Because if you've pushed n elements and the out-stack is empty when you pop, that single pop call drains all n. The next n-1 pops are O(1) each, so the average is still O(1) — but the single worst pop is O(n).

easyAsked at Twilio

Implement Queue using Stacks is Twilio's amortized-analysis probe: build a FIFO queue using only stack primitives. The grading bar is whether you reach for the two-stack trick (in-stack + out-stack) and articulate the O(1) AMORTIZED guarantee on pop/peek.

By Sam K., Founder, InterviewChamp.AI · Last verified 2026-05-19

Source citations

Public interview reports confirming this problem appears in Twilio loops.

Glassdoor (2026-Q1)— Listed in Twilio backend SWE phone-screen reports as a 'data-structure design' warm-up.
LeetCode Discuss (2025-12)— Cited in Twilio interview reports as a precursor to harder design questions.

Problem

Implement a first-in-first-out (FIFO) queue using only two stacks. The implemented queue should support all the functions of a normal queue (push, peek, pop, and empty). Implement the MyQueue class: void push(int x) pushes element x to the back of the queue; int pop() removes the element from the front of the queue and returns it; int peek() returns the element at the front of the queue; boolean empty() returns true if the queue is empty. Amortized time complexity should be O(1) per operation.

Constraints

1 <= x <= 9
At most 100 calls will be made to push, pop, peek, and empty.
All the calls to pop and peek are valid.

Examples

Example 1

Input

push(1), push(2), peek(), pop(), empty()

Output

[null, null, 1, 1, false]

Approaches

1. Single stack + reverse on every pop (rejected)

Push to a stack; on pop/peek, drain into a second stack to reverse, pop the top, drain back.

Time: push O(1), pop/peek O(n) every call
Space: O(n)

class MyQueueBrute {
  constructor() { this.s = []; }
  push(x) { this.s.push(x); }
  pop() {
    const tmp = [];
    while (this.s.length > 1) tmp.push(this.s.pop());
    const result = this.s.pop();
    while (tmp.length > 0) this.s.push(tmp.pop());
    return result;
  }
  peek() {
    const tmp = [];
    while (this.s.length > 1) tmp.push(this.s.pop());
    const result = this.s[0];
    while (tmp.length > 0) this.s.push(tmp.pop());
    return result;
  }
  empty() { return this.s.length === 0; }
}

Tradeoff: Drains the entire stack on every pop and re-drains it back — O(n) per call with O(n) extra ops. The optimal two-stack version amortizes this work.
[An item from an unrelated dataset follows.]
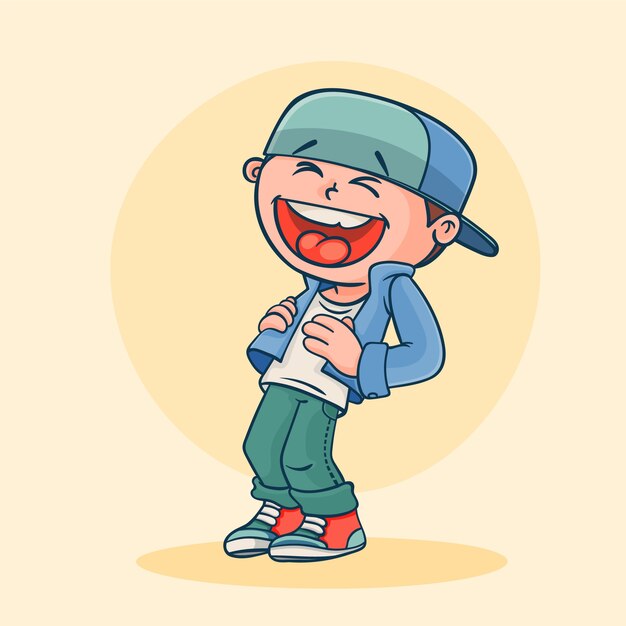Illustration de dessin animé de rire dessiné à la main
2. Two stacks — in + out, lazy drain (optimal)

Push to in-stack. On pop/peek, if out-stack is empty, drain in-stack into out-stack. Pop from out-stack.

Time: amortized O(1) per op
Space: O(n)

class MyQueue {
  constructor() {
    this.in = [];
    this.out = [];
  }
  push(x) { this.in.push(x); }
  _drain() {
    if (this.out.length === 0) {
      while (this.in.length > 0) this.out.push(this.in.pop());
    }
  }
  pop() {
    this._drain();
    return this.out.pop();
  }
  peek() {
    this._drain();
    return this.out[this.out.length - 1];
  }
  empty() {
    return this.in.length === 0 && this.out.length === 0;
  }
}

Tradeoff: Each element moves from in to out exactly once over its lifetime, regardless of how many pop/peek calls happen. Amortized O(1): n operations do at most 2n stack pushes/pops total.

Twilio-specific tips

Twilio reviewers specifically want the amortized-analysis narration. State 'each element moves between stacks at most twice over its lifetime — once in, once out' BEFORE writing the code. The lazy drain (only when out is empty) is the entire amortization trick — preempt the interviewer's 'why don't you drain on every push?' question by explaining that it would push the work back to O(n) per push.

Common mistakes

Draining out-stack into in-stack on every push — defeats the amortization.
Not lazy-draining (always draining on pop even if out has items) — the next pop would also drain, double-paying.
Forgetting to handle empty() correctly — must check BOTH stacks, not just one.

Follow-up questions

An interviewer at Twilio may pivot to one of these next:

Can you also implement an stack using two queues (LC 225)? (Yes — opposite construction; one approach pushes everything through.)
What if push needed to be O(1) AMORTIZED but pop had to be O(1) WORST-CASE? (Doesn't exist with only stacks — need a deque.)
How would you make this thread-safe? (Lock the whole structure or use two separate locks with care to handle the drain-stage races.)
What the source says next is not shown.